To route to doing a blue / green split based on a field in a record we could use the following code:

match event of
  case %{key == "blue"} => emit event => "blue"
  case %{key == "green"} => emit event => "green"
  default => drop

And then in the pipeline configuration instead use parts such as:

  - id: one
      - blue
      - green
    # ...
      script/blue: ["blue"]
      script/green: ["green"]

Percentage drops of events

To drop a percentage of all events, functions in the random module can be used.

We generate a random number in a range and based on the outcome, we decide whether we want to drop an event or not.
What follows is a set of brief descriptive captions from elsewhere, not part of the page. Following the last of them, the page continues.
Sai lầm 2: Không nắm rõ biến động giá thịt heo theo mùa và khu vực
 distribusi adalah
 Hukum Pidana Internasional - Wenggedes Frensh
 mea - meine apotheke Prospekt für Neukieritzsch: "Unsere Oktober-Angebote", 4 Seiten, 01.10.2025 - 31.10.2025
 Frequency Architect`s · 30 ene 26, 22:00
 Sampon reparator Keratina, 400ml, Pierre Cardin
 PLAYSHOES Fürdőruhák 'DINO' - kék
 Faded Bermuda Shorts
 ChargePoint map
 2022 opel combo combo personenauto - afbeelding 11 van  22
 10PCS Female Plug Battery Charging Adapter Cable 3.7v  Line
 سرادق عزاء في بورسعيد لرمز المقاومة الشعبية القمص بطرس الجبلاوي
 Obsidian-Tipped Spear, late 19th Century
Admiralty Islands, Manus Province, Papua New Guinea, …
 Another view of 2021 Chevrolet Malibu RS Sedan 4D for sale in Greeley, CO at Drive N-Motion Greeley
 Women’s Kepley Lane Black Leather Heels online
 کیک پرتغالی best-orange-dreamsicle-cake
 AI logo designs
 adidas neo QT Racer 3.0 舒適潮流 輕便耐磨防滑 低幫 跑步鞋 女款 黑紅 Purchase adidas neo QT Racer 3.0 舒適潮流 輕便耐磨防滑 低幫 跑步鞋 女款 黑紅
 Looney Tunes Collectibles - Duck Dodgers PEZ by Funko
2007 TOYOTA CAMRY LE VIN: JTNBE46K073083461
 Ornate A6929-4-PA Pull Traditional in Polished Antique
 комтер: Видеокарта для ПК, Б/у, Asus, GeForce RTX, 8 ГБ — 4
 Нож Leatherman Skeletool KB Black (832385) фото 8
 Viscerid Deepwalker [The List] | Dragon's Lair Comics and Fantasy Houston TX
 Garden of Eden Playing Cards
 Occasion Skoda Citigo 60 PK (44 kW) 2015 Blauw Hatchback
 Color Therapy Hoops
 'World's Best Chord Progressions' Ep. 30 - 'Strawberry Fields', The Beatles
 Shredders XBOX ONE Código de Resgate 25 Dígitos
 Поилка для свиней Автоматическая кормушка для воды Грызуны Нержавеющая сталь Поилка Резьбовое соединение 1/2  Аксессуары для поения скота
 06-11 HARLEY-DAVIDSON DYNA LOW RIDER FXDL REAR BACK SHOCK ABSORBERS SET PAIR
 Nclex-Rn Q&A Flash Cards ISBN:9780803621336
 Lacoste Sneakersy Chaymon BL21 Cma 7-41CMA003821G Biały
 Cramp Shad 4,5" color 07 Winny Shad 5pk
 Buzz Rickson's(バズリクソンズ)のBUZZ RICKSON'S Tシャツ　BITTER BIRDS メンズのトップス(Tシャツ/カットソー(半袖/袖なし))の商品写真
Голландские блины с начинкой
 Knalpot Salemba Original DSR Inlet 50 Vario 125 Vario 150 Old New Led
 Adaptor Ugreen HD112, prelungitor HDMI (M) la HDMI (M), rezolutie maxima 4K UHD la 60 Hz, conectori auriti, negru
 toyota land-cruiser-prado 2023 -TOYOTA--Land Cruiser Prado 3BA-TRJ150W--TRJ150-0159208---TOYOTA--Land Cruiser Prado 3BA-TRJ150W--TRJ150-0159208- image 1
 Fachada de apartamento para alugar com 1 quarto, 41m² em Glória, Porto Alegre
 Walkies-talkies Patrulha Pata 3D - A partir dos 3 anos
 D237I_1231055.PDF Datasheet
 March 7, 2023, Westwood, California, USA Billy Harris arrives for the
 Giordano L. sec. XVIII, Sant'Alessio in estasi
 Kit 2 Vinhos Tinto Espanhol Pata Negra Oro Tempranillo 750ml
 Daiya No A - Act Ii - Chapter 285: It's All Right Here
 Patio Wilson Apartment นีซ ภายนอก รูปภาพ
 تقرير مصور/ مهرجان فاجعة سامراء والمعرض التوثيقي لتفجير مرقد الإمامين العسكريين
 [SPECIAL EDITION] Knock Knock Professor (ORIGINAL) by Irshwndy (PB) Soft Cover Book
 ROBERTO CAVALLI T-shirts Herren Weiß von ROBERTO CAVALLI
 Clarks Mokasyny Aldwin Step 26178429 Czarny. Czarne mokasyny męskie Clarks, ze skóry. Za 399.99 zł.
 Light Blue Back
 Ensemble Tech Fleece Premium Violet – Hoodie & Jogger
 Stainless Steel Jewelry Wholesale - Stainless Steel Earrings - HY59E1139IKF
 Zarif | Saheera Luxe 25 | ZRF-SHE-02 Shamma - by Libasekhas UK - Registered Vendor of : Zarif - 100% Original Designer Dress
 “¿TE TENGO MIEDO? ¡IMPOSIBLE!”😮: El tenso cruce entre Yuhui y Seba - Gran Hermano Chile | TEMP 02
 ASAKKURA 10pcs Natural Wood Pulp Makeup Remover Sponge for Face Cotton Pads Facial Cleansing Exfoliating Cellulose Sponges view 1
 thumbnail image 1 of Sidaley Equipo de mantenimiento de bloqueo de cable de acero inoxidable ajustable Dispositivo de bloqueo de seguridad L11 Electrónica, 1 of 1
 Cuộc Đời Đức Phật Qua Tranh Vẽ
Example:

# drop 50% of the events
match random::integer(0, 100) < 50 of
  case true => drop
  default => null

Most of the time, we want to do this only for certain matching events (as opposed to all events).

let random_number = random::integer(0, 100);
match event of
  case %{key == "blue"} when random_number < 25 => drop   # drop 25% of blue events
  case %{key == "yellow"} when random_number < 75 => drop # drop 75% of yellow events
  case %{key == "red"} => drop                            # drop 100% of red events
  default => null                                         # drop 0% of other events

Check if a variable is present/absent

To check if a variable is present, we can rely on the present keyword (and inversely, absent).

# matches default case
match present non_existent_var of
  case true => "is present"
  default => "not present"

Note that this is different from the case where a variable is set to null, for which we can do function-based checks as well as pattern-match with match.

Using non-existent variables in contexts other than present or absent will throw an error terminating the script, so this is useful for guarding against that when needed. This is especially useful when working with meta variables as part of tremor runtime, where -- as part of a pipeline node -- we may need to check if a certain meta variable is set or not (eg: from a previous pipeline node) and act accordingly. For such needs, the approach above can be used. Alternatively, we can also rely on record patterns there:

# tests for presence of $key
match $ of
  case %{present key} => "present"
  default => "not present"

Since $ gives a record with all the meta variable name-value mapping, this works nicely.